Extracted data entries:
---

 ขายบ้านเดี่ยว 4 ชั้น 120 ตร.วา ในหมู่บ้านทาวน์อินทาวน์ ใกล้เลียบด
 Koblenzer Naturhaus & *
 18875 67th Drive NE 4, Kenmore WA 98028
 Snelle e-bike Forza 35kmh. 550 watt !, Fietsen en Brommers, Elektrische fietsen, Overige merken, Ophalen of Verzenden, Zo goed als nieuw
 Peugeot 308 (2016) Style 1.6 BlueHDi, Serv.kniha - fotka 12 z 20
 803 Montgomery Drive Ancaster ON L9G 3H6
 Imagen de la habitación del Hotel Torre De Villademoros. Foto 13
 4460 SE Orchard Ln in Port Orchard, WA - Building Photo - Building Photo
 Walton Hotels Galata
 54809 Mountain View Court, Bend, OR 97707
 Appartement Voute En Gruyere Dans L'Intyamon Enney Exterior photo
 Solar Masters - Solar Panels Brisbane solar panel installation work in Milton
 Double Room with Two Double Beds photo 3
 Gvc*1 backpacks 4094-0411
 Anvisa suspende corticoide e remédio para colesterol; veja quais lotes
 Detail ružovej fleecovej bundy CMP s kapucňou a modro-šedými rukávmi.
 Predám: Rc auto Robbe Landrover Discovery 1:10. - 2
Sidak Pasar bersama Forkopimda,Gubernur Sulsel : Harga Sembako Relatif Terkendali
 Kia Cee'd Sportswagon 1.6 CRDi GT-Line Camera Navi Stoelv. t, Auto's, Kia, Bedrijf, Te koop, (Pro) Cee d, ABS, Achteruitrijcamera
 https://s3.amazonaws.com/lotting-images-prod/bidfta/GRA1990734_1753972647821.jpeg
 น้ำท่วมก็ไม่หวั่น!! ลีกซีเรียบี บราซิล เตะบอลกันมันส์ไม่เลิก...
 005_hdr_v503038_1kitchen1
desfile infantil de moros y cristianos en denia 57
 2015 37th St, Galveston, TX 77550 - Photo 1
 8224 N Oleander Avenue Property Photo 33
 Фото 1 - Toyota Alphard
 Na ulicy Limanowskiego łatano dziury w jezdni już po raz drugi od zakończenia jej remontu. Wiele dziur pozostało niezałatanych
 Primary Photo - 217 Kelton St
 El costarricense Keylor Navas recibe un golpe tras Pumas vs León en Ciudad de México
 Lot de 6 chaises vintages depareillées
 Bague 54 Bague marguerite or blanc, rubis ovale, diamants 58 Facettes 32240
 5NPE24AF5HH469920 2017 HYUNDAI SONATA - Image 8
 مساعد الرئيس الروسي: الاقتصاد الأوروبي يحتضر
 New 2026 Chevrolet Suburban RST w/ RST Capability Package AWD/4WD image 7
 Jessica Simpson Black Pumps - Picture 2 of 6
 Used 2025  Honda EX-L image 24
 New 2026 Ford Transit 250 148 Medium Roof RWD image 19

---

_ASSIGNED TASK_
Every line of the data above is to be repeated exactly.

_WRITTEN ANSWER_
 ขายบ้านเดี่ยว 4 ชั้น 120 ตร.วา ในหมู่บ้านทาวน์อินทาวน์ ใกล้เลียบด
 Koblenzer Naturhaus & *
 18875 67th Drive NE 4, Kenmore WA 98028
 Snelle e-bike Forza 35kmh. 550 watt !, Fietsen en Brommers, Elektrische fietsen, Overige merken, Ophalen of Verzenden, Zo goed als nieuw
 Peugeot 308 (2016) Style 1.6 BlueHDi, Serv.kniha - fotka 12 z 20
 803 Montgomery Drive Ancaster ON L9G 3H6
 Imagen de la habitación del Hotel Torre De Villademoros. Foto 13
 4460 SE Orchard Ln in Port Orchard, WA - Building Photo - Building Photo
 Walton Hotels Galata
 54809 Mountain View Court, Bend, OR 97707
 Appartement Voute En Gruyere Dans L'Intyamon Enney Exterior photo
 Solar Masters - Solar Panels Brisbane solar panel installation work in Milton
 Double Room with Two Double Beds photo 3
 Gvc*1 backpacks 4094-0411
 Anvisa suspende corticoide e remédio para colesterol; veja quais lotes
 Detail ružovej fleecovej bundy CMP s kapucňou a modro-šedými rukávmi.
 Predám: Rc auto Robbe Landrover Discovery 1:10. - 2
Sidak Pasar bersama Forkopimda,Gubernur Sulsel : Harga Sembako Relatif Terkendali
 Kia Cee'd Sportswagon 1.6 CRDi GT-Line Camera Navi Stoelv. t, Auto's, Kia, Bedrijf, Te koop, (Pro) Cee d, ABS, Achteruitrijcamera
 https://s3.amazonaws.com/lotting-images-prod/bidfta/GRA1990734_1753972647821.jpeg
 น้ำท่วมก็ไม่หวั่น!! ลีกซีเรียบี บราซิล เตะบอลกันมันส์ไม่เลิก...
 005_hdr_v503038_1kitchen1
desfile infantil de moros y cristianos en denia 57
 2015 37th St, Galveston, TX 77550 - Photo 1
 8224 N Oleander Avenue Property Photo 33
 Фото 1 - Toyota Alphard
 Na ulicy Limanowskiego łatano dziury w jezdni już po raz drugi od zakończenia jej remontu. Wiele dziur pozostało niezałatanych
 Primary Photo - 217 Kelton St
 El costarricense Keylor Navas recibe un golpe tras Pumas vs León en Ciudad de México
 Lot de 6 chaises vintages depareillées
 Bague 54 Bague marguerite or blanc, rubis ovale, diamants 58 Facettes 32240
 5NPE24AF5HH469920 2017 HYUNDAI SONATA - Image 8
 مساعد الرئيس الروسي: الاقتصاد الأوروبي يحتضر
 New 2026 Chevrolet Suburban RST w/ RST Capability Package AWD/4WD image 7
 Jessica Simpson Black Pumps - Picture 2 of 6
 Used 2025  Honda EX-L image 24
 New 2026 Ford Transit 250 148 Medium Roof RWD image 19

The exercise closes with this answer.